Economist David Ndii is calling for the withdrawal of The crops (Amendment) (No.2) Bill 2019, which proposes that all coffee grown in Kenya shall be processed in the country and clearly labeled as a ‘Made in Kenya’ before being exported.
The legislation by Gatundu South MP Moses Kuria posits that all coffee grown in Kenya shall undergo processing, production and packaging within the country.
“The Bill is to ensure that for the purposes of a favourable balance of trade and balance of payment, coffee shall not be processed from Kenya in its raw form,” Kuria says in his Memorandum of Objects and Reason.

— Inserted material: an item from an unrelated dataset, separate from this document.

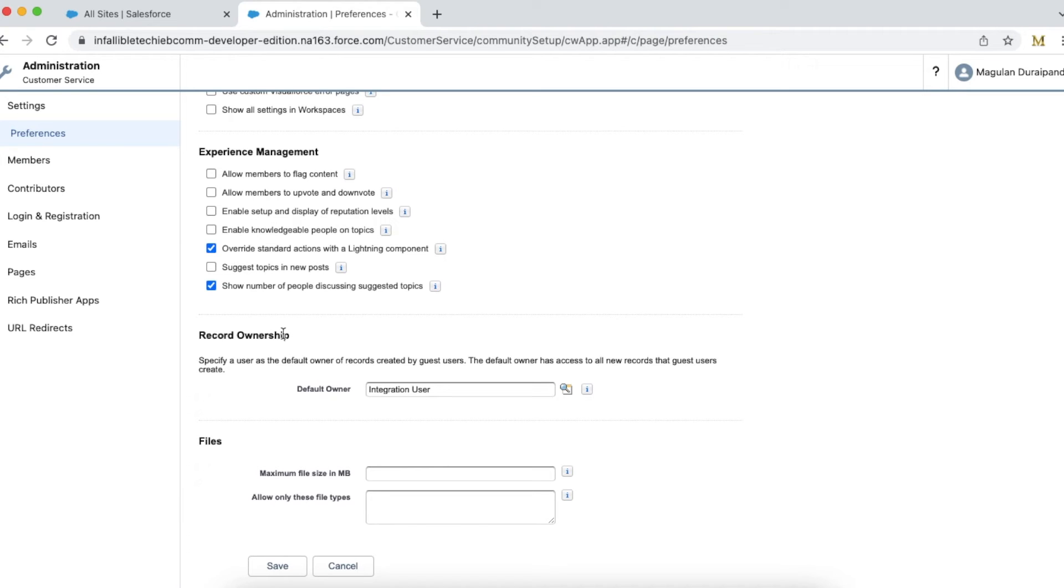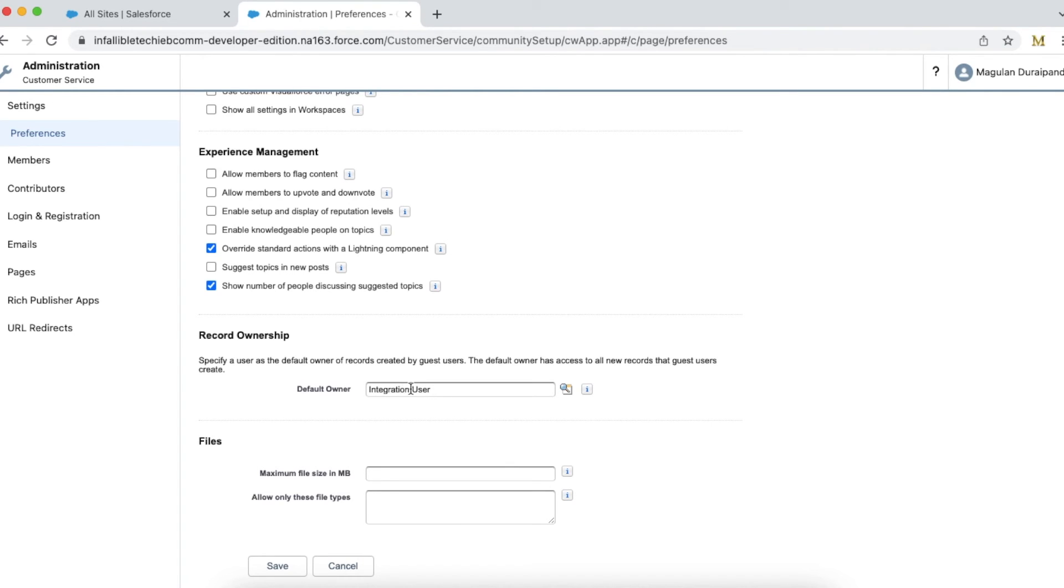In this Record Ownership section, you have to set the default owner. In my Experience Cloud site, I have set Integration User. I created a separate profile and user and set it up for my Experience Cloud site.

Kuria states that coffee farmers do not reap the maximum benefits from their produce owing to the imbalanced trade.
Ndii however, says “Processing does not add value to coffee. Coffee premium comes from flavor, which is determined by soils, husbandry and picking only ripe cherries. Best coffee is obtained by roasting your beans on the spot like Ethiopians do.”
In a series of Tweets and responses to Kenyans on Twitter (#KOT), the Legislator was pulled into the conversation and requested Ndii to be enlisted to present expert opinion on the same before the parliamentary departmental committee of which he vehemently declined.
“I’ve been trying to educate you people on this issue for 15 years! I can’t be repeating myself every time to people who don’t do their homework. Withdraw the bill and do research,” Ndii responded.
I’ve been trying to educate you people on this issue for 15 years! I can’t be repeating myself every time to people who don’t do their homework. Withdraw the bill and do research. https://t.co/Hz4JGinWD5https://t.co/atSU7B79sz
— David Ndii (@DavidNdii) May 13, 2019
“I’ve provided Kuria with links to what I have written on the matter and it is sufficient. He can read. I have no time to humor lazy populist politicians. They also have research staff, some who I have trained and mentored myself,” Tweeted Ndii.
According to Ndii, in his op-ed Value addition to agriculture: Magic bullet or blind alley? In The East African, “The problem with coffee is the trading monopoly conferred on the Nairobi Auction by the Government. Government paternalism is all pervasive. In theory, coffee belongs to the farmer until it is sold at the auction for export. In practice, the farmers lose control as soon as they harvest the coffee. They have no power to decide when the coffee is sold, to whom, for how much, and on what terms of payment, all in the name of protecting the small farmer.”
Kenya exports about 95% of the coffee produced locally to the international market. The Kenyan coffee is highly valued by roasters for blending with low-quality beans from other regions.
The Kenya National Bureau of Statistics Economic Survey 2019 found out that the production of coffee increased by 7.0% in 2018.
However, “Earnings from coffee declined from KSh 16.0 billion in 2017 to KSh 14.8 billion in 2018. Despite the increase in the quantity of marketed coffee from 33.7 thousand tonnes in 2017 to 36.8 thousand tonnes in 2018, earnings were lower compared to the previous period due to a reduction in the international prices of coffee.”
KNBS also said the area under coffee production increased from 114.7 thousand hectares in 2016/17 to 115.6 thousand hectares in 2017/18, mainly on account of smallholder co-operatives.
“However, coffee production by Estates declined by 22.5% from 14.2 thousand tonnes in 2016/17 to 11.0 thousand tonnes in 2017/18 due to uprooting of coffee bushes in peri-urban areas to make way for real estate development. The average yield of coffee from cooperatives increased by 23.6% while that of Estates decreased by 22.6%, in the 2017/18 crop year.”